NAME
RNAalisplit - Split and decompose RNA multiple sequence alignments
SYNOPSIS
RNAalisplit.pl [--aln|-a FILE] [--method|-m OPTION] [options]
DESCRIPTION
This tool splits multiple sequence alignments horizontally, thereby extracting sets of sequences that group together according to a decision value. The most natural decision value is the RNAz SVM RNA-classs probability.
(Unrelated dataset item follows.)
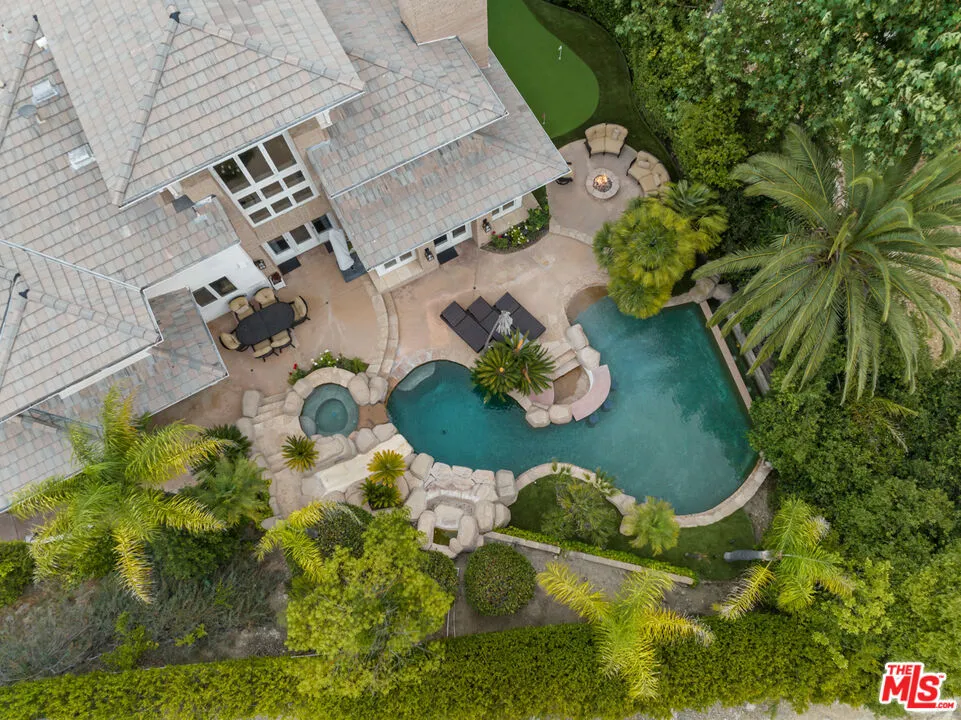 Westlake Village, California 91361, United States, 5 Bedrooms Bedrooms, ,6 BathroomsBathrooms,Residential,Active,210269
A neighbour joining tree is reconstructed from pairwise distances of sequences in the input alignment and subsets of the alignment are derived by splitting at each edge of the NJ tree as well as performing a split decomposition of the matrix of pairwise distances. These subsets/subalignments are then evaluated according to the same decision value and a decision is made whether a subalignment performs better than the original alignment.This can be used to discriminate sequences that to not 'fit' in the input alignment.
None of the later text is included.